The child, who has not been formally named, was reported to have entered the water at Tagg's Head Island in Hampton, west London, at about 16:40 BST.
Searches were carried out by police, ambulance crews and the fire service, along with members of the public.
The search was called off at 18:40 BST but efforts to recover his body will continue into the night.
The boy's next of kin are aware and are being supported by specialist officers, the Metropolitan Police said.
Supt Richard Smith, from the Met's South West Command Unit, praised the efforts of all those who tried to find the teenager.
"Despite the very best efforts of all involved, we must now sadly conclude that this young boy has died," he said.
"His death is a tragedy and I cannot begin to imagine what his family will be going through. All our thoughts are with them.
"I know that on days like today when temperatures are at a record high, it might look appealing to jump in and cool off in rivers, reservoirs, lakes or other open water.

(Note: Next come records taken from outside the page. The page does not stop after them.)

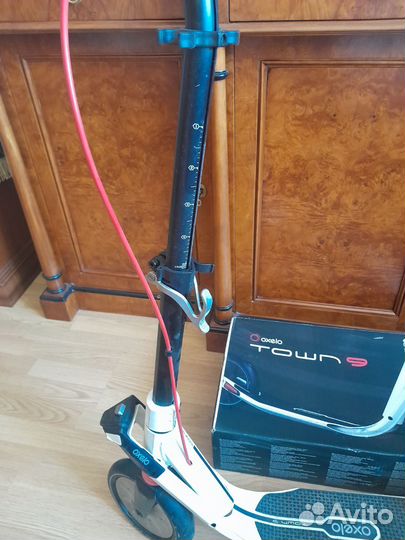 Самокат oxelo town 9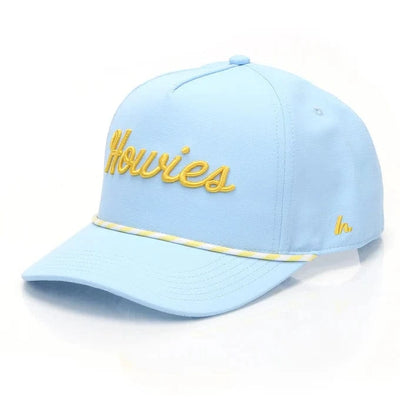 Howies Hockey The Tour Hat - Light Blue - TheHockeyShop.com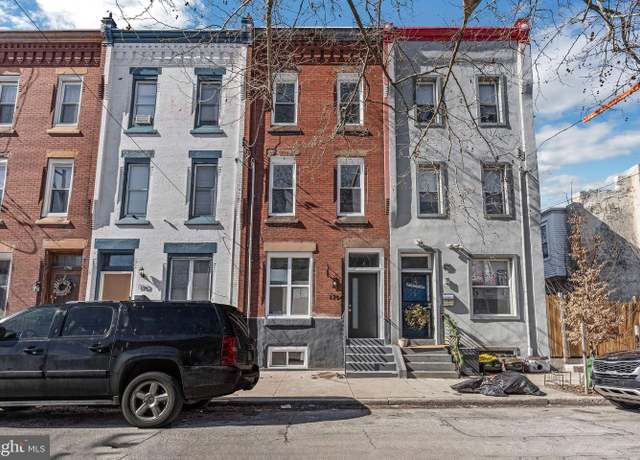 Property at 1754 N 26th St, Philadelphia, PA 19121, 4 beds, 3 baths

"Please don't. The dangers are real and this evening we have seen the terrible consequences of what happens when it goes wrong.
"To young people in particular, I would urge you to be the person in your group of friends who says no and reminds others about the dangers.
"Your intervention could save a life and save another family from experiencing such an awful loss."
London Fire Brigade's assistant commissioner Charlie Pugsley offered an additional warning to those tempted to swim in rivers during the heatwave.
"Anything below 15C is defined as cold water, and on average the UK and Ireland sea temperatures are just 12C. Rivers such as the Thames are colder - even in the summer," he said.
It follows a number of similar deaths in open water in recent days.
A 16-year-old boy died in Bray Lake near Maidenhead, Berkshire, a 13-year-old boy drowned when he got into difficulty in the River Tyne in Northumberland on Sunday and a 16-year-old boy died in Salford Quays, Greater Manchester on Saturday.